Hotspawn: Right now the fan vote for MVP has Bjergsen on top with more than 51% of the votes. It’s interesting because for a while the broadcast was talking about how Bjergsen is a big contender for the award. As someone who’s always being compared to Bjergsen, how does it feel when the broadcast shapes narratives like that around players given what you just said? I’m sure by now you’ve learned to deal with it.

Jensen: It’s not like it’s really affecting me negatively, but I just want people and the community to have the right perception of players. Because like you said, if a caster or analyst hypes up a player a lot, that’s what the media and the community is gonna listen to and then if they keep talking about that and keep pushing that narrative, then it kind of becomes reality even though it’s not. That’s what I think shouldn’t happen and I just want the analyst desk to be more careful about. It creates a false picture of who’s actually the best or performing well. That’s kind of just what it’s been like for most of LCS, and those things just get pushed too hard I think. The bad stuff gets ignored, to me. That’s what it’s like and I’m not sure the fan votes actually matter because I’m sure it’s just a popularity contest and all that stuff. At the same time when narratives from the desk get pushed like that the media will jump on to it too because maybe they don’t get to watch the games as closely and they kind of believe what they hear. That sticks, and there’s no doubt about it. So that is what I really wanted people to change. It’s not like I think Bjergsen’s a bad player or not deserving of being in the talks, but I just thought it was getting pushed way too hard, so that’s where that conversation started.

Hotspawn: At one point on air, they did say that it felt like whoever won between TSM and TL in their final game could be enough to give the edge to either Bjergsen or Jo “CoreJJ” Yong-in in the MVP voting. 

Jensen: Yeah that’s very extreme. I agree that Bjergsen was playing pretty well in the second half of the split, but then sometimes the bad stuff gets ignored. The first half of the split, he was not performing very well and was making a lot of mistakes. But then instead of mentioning that, the casters were like “oh yeah he’s willing to try stuff out for his team, it’s not his fault,” and it just gets covered up. Come on guys, that’s just stupid. Be more objective, you know? It’s just very biased I think. That’s what I think the problem is with these narratives that are being pushed.

Hotspawn: We’re in a time where when you say things about a player it has a ripple effect. When people look back years from now, whether or not a player made All-Pro or won “x” award will be considered when they rate players. It stacks up.

Jensen: Yeah it does stack up. And whether people see it or not, it will affect a player one way or another. For example, if people completely forget about players like that, it could affect their contract negotiations for next year or even just teams looking into them. A lot of people remember these things and they’ll forget people who missed out on it. And it sucks for them; it’s not fair to them.

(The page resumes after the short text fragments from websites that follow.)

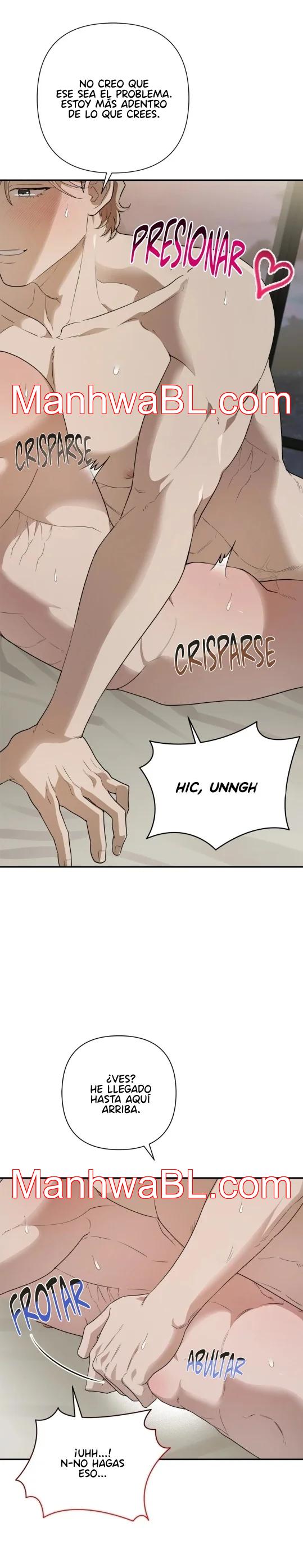 Cuidado detrás de ti - Capítulo 5.3 manhwa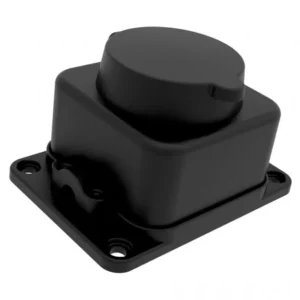 Fisa SCHUKO cauciuc cu capac Bemis BK1-1402-3511 2P+E 16A 250V aparenta IP54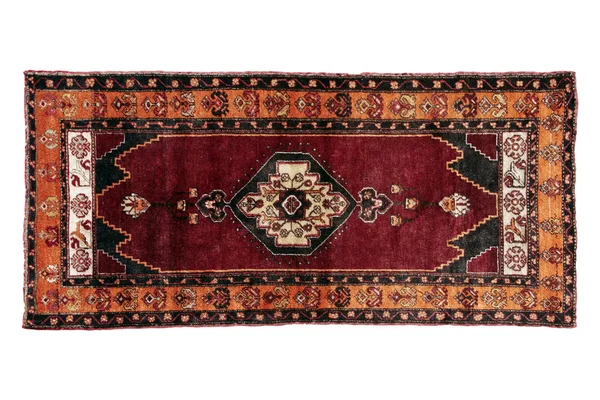 Handgjorda dekorativa och äkta turkiska mattor — Stockfoto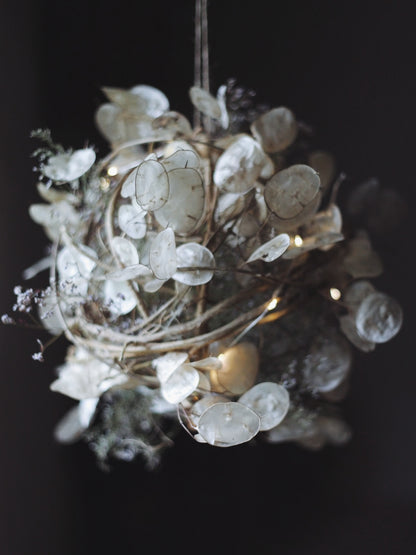 Giant Lunaria bauble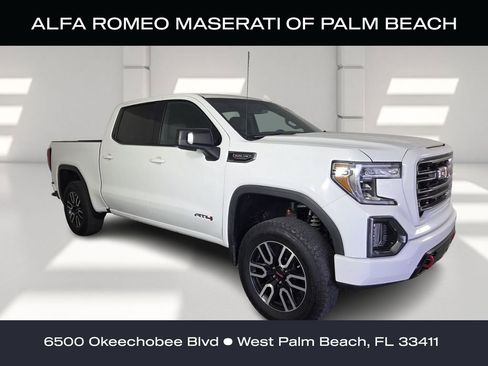 Used 2019 GMC Sierra 1500 AT4 w/ AT4 Premium Package image 1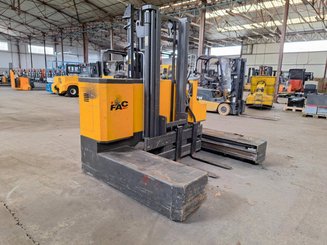 Multi-directional pallet stacker FAC 4VR 2510 - 1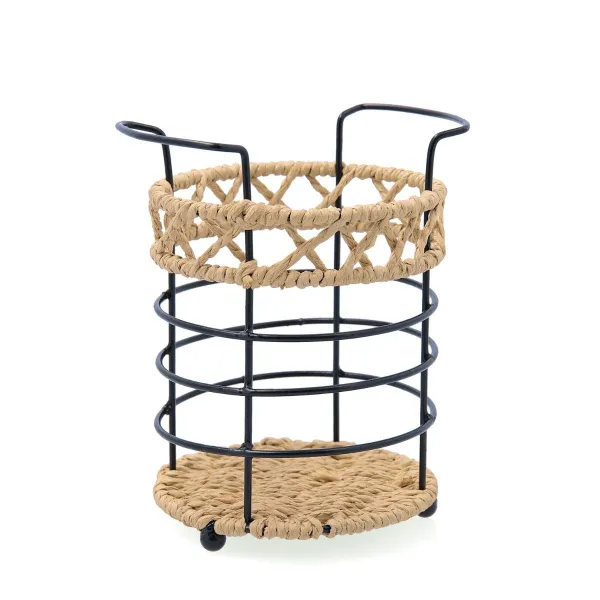 soporte cubiertos acero trend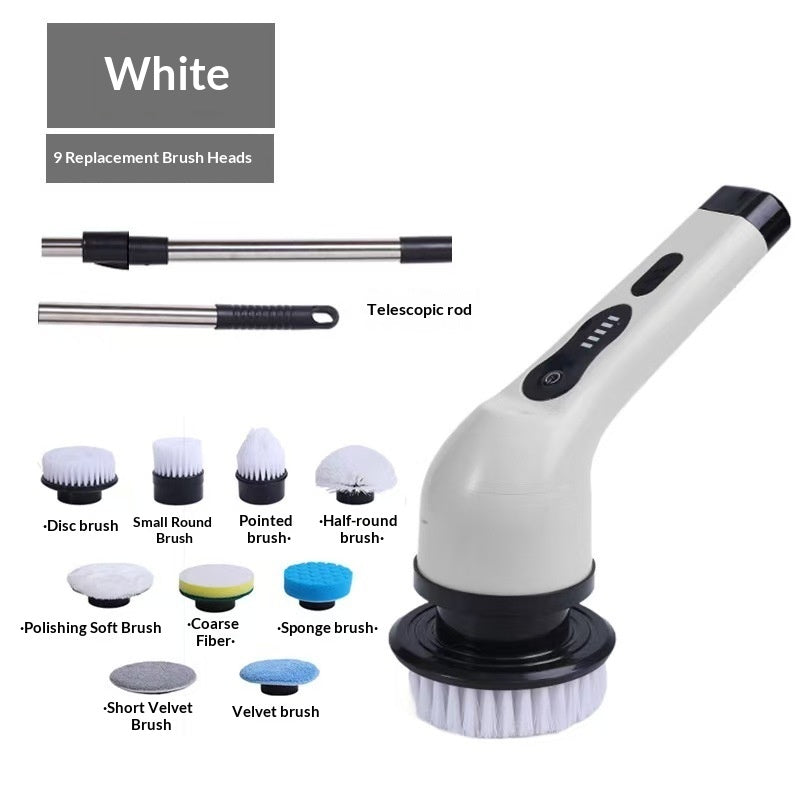 Cuisine de ménage et salle de bains Brosse de nettoyage électrique multifonction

Hotspawn: Well to turn this mid lane conversation around, you are going to Worlds now, so are there any players from other regions that you’re interested in playing?

Jensen: At this point I’ve played against almost every top mid laner, at least that’s made it internationally. The one that I’m looking forward to playing against now would probably be Zhuo “Knight” Ding because I’ve seen a lot of his plays and he seems really dominant. I’m looking forward to seeing the hype against him and I wanna play against the other top mid laners as well.

Team Liquid’s next match will be in the Winners’ Finals against FlyQuest on August 30 at around 1 p.m. PDT.